Estimates of more than 80,000 people participated in the “Moral March” in North Carolina on Saturday, when citizens from several Southern states came together to protest the extreme right-wing politics that have taken the state by storm.
A series of new legislations passed by Republicans in North Carolina has left many people up in arms.
The controversial new laws include a refusal to expand Medicaid, a photo I.D. requirement to vote in person, additional rules on abortion, and grants for low-income children to attend public schools that will come from taxpayer dollars.
Opponents of the new legislation are not keeping quiet and they promise that the turnout at the ballot box this year will be just as massive as the turnout for the peaceful march.
The “Moral March on Raleigh” was one of the largest gatherings of its kind, ever since the protests began last spring.
The march was led by NAACP, and officials said the movement is stronger now than ever.
“We return to Raleigh with a renewed strength and a renewed sense of urgency,” president of North Carolina’s NAACP, the Rev. William Barber, said to the huge crowd. “The Moral March inaugurates a fresh year of grassroots empowerment, voter education, litigation and nonviolent direct action.”
North Carolina Central University professor Irv Joyner, one of the organizers of the march, believes that the extreme right wing politics have “started to turn back the hands of progress.” But he also has high hopes that the huge turnout for the marches will send “a message to people in power that people are against what’s going on.”
A 71-year-old woman who attended the rally described the legislation as “disgusting,” and held up a sign that criticized politicians for not showing any support for lower-income Americans.
There were no arrests made at the march this year, which is a stark contrast to last year’s “Moral Monday” rally.
Over 900 arrests were made in 2013, but organizers said they wanted to be careful that no major disturbances or arrests would result from this march.
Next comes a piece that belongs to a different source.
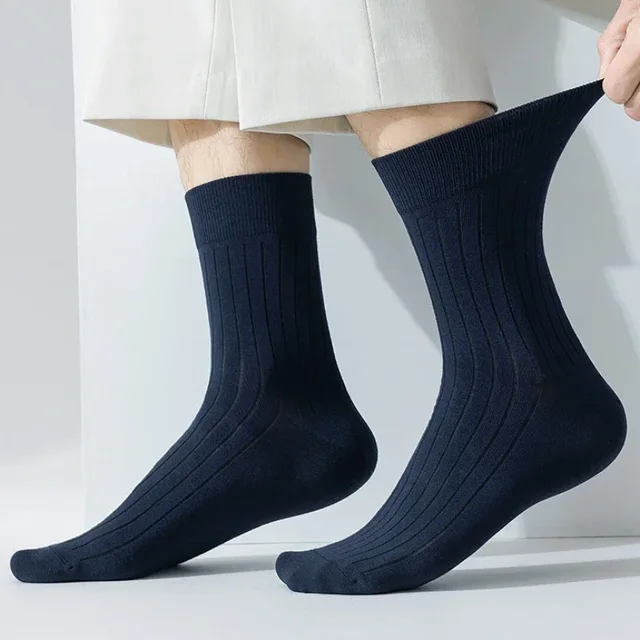 95% Pure Cotton Socks Men Business Dress Anti-bacterial Long Socks 2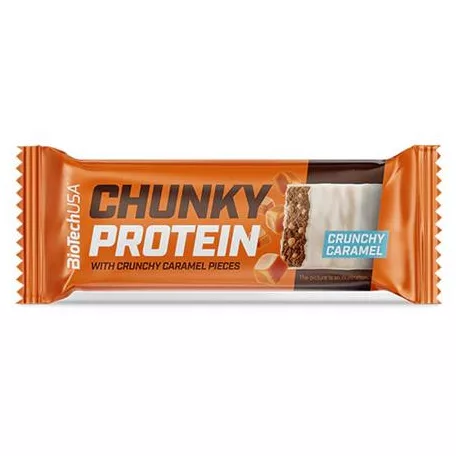 BIOTECH USA Fehérjeszelet, gluténmentes, 50g, BIOTECH USA "Chunky Protein Bar", Crunchy Caramel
Despite the peaceful nature of the march, the conservative North Carolina Coalition slammed the event and criticized the supporters of gay marriage and abortion.
“The so-called ‘Moral March on Raleigh’ is anything but moral,” coalition executive director Tami Fitzgerald said in a public statement.
March organizers, on the other hand, say it is the General Assembly that is morally wrong.
“Just about every area that impacts people, this legislature has come in and erased the many gains that have been made over many years,” Joyner said. “We want to elevate the discussion of the issues and the wrongness of what the General Assembly is doing.”